PS: You can assume that you will always defeat the Master X clones.  As a hero, you would always find a way and wouldn’t need any hints.

2.1    Input

attacks is a non-empty list of N attacks, where each attack is a list of 4 items [m,  s,  e,  c]:

 m is the multiverse which Master X is attacking.

 m is an integer in the range of 1 to N .

 Master X will only attack each multiverse once; because he do not like setbacks.

  s and e are the starting and ending days of the attack.

  s and e are integers in the range of 1 to D .

 You can assume that s <= e.

 You would need to be throughout the entire attack duration from day s to day e inclusive in order to defeat the clones.

  c is the number of Master X clones in the attack.

  c is an integer in the range of 2 to C .

 Master X will always attack with at least 2 clones because he needs friends.

2.2    Output

Your algorithm returns a list of Master X attacks that you, Dr Weird, will attend to:

 Result in the most Master X clones defeated.

  The returned list doesnt need to be sorted.

 It is possible for the return list to not be unique.

2.3    Examples

Consider the following examples below.

The first example is based on the simple example given in the question description where a total of 6 clones were defeated.

#  Example  01

attacks  =  [[1,  2,  7,  5],  [2,  1,  4,  4],  [3,  6,  9,  2]]

>>>hero(attacks)

[[3,  6,  9,  2],  [2,  1,  4,  4]]

For the second example below, we observe 2 possible solutions where either [[3, 5, 6, 2], [2, 1, 4, 4]] or [[1, 2, 7, 6]] would result in 6 clones being defeated.

#  Example  02  (not unique)

attacks  =  [[1,  2,  7,  6],  [2,  1,  4,  4],  [3,  5,  6,  2]]

>>>hero(attacks)

[[3,  5,  6,  2],  [2,  1,  4,  4]]

In the last example below, it can be observed that upon defeating the clones in the attack [1, 2, 7, 6] you can only move on to attack [3, 8, 9, 5] because attack [2, 7, 9, 10] starts on day 7 itself when you are still occupied.

#  Example  03  (ending  condition  overlap)

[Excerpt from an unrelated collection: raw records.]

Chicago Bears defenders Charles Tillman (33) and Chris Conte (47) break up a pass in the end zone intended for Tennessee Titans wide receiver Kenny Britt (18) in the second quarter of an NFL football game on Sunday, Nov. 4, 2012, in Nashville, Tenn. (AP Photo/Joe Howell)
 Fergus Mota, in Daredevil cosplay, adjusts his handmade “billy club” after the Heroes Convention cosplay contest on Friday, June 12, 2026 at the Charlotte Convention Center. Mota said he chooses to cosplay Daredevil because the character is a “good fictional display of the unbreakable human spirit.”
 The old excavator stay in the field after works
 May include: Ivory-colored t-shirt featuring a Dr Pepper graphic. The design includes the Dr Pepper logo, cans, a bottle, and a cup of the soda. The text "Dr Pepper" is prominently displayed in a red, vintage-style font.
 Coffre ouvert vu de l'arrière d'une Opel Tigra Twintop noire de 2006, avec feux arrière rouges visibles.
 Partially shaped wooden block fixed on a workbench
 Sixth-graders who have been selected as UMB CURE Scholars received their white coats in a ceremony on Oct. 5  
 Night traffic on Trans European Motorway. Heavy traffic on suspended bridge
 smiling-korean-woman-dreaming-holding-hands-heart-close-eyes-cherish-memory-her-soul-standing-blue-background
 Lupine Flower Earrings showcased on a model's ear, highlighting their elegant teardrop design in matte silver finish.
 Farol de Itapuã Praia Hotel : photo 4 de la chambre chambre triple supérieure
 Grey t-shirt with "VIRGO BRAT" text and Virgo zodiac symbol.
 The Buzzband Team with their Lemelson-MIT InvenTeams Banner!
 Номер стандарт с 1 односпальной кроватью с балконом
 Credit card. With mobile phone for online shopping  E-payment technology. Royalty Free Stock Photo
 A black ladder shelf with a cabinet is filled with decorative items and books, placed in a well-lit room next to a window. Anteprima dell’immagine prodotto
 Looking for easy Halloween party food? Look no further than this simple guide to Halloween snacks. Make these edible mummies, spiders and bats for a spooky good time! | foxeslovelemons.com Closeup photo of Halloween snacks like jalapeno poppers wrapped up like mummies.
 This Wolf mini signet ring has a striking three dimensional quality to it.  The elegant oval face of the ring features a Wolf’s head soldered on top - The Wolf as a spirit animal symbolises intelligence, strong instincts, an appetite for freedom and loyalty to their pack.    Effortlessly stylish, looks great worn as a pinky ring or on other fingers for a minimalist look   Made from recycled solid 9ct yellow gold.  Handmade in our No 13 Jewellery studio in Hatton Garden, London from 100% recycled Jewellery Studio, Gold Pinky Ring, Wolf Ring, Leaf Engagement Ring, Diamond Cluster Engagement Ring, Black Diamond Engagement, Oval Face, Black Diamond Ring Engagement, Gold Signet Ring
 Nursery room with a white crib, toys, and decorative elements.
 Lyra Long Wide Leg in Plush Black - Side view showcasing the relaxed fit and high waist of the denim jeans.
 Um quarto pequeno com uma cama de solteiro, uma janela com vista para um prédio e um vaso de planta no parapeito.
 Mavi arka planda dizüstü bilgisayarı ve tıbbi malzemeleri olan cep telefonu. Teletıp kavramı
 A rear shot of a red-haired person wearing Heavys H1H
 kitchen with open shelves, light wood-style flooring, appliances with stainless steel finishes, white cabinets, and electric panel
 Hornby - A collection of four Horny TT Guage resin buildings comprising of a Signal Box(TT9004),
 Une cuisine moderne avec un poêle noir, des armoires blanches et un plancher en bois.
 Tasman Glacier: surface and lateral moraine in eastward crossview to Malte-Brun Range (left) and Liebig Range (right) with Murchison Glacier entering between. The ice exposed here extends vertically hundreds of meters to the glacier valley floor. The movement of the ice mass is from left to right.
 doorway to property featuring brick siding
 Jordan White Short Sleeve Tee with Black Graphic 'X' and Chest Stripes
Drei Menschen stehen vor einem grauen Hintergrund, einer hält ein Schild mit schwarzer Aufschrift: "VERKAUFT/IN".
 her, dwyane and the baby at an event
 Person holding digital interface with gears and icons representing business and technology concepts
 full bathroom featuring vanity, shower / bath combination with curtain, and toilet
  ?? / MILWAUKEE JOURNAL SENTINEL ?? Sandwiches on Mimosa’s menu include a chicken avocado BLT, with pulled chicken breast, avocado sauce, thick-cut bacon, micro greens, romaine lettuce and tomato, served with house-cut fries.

attacks  =  [[1,  2,  7,  6],  [2,  7,  9,  10],  [3,  8,  9,  5]]

>>>hero(attacks)

[[3,  8,  9,  5],  [1,  2,  7,  6]]

2.4    Complexity

hero(attacks) should run in O(NlogN) worst case time complexity and O(N) auxiliary space complexity, given that N is the number of attacks in attacks.

Warning

For all assignments in this unit, you may not use python dictionaries or sets. This is because the complexity requirements for the assignment are all deterministic worst-case requirements, and dictionaries/sets are based on hash tables, for which it is difficult to determine the deter- ministic worst-case behaviour.

Please ensure that you carefully check the complexity of each in-built python function and data structure that you use, as many of them make the complexities of your algorithms worse. Common examples which cause students to lose marks are list slicing, inserting or deleting elements in the middle or front of a list (linear time), using the in keyword to check for membership of an iterable (linear time), or building a string using repeated concatenation of characters.   Note that use of these functions/techniques is not  forbidden, however you should exercise care when using them.

These are just a few examples, so be careful. Remember, you are responsible for the complexity of every line of code you write!